• **PROBLEM**
Using the listing below, copy exactly each line from the one that has "MIKROBIOLOGIJA TEST PREDAVANJA" through the one that has "Forney 1 in."; omit the pictures.

• **GIVEN INFORMATION**
┄┄┄┄┄┄┄┄┄┄
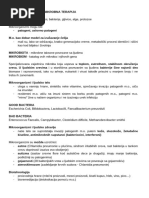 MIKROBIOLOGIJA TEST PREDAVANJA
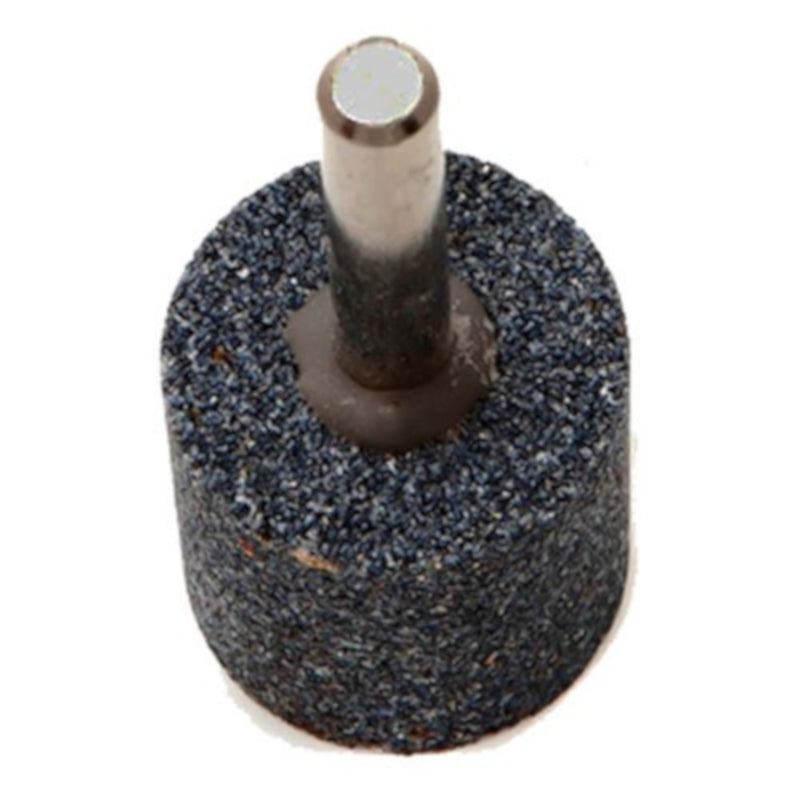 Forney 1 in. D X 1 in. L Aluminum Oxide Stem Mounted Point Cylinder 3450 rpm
┄┄┄┄┄┄┄┄┄┄
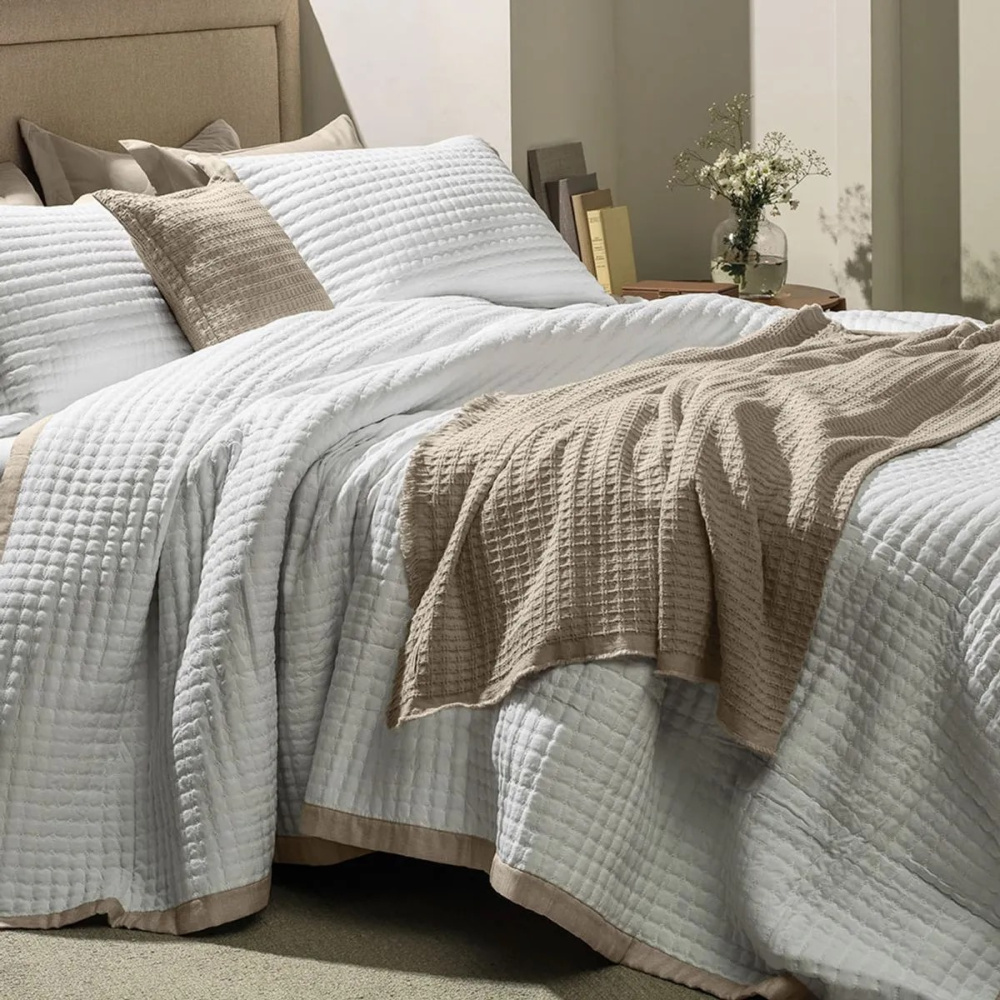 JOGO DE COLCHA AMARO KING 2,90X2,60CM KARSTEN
┄┄┄┄┄┄┄┄┄┄
• **YOUR RESPONSE**
 MIKROBIOLOGIJA TEST PREDAVANJA
 Forney 1 in. D X 1 in. L Aluminum Oxide Stem Mounted Point Cylinder 3450 rpm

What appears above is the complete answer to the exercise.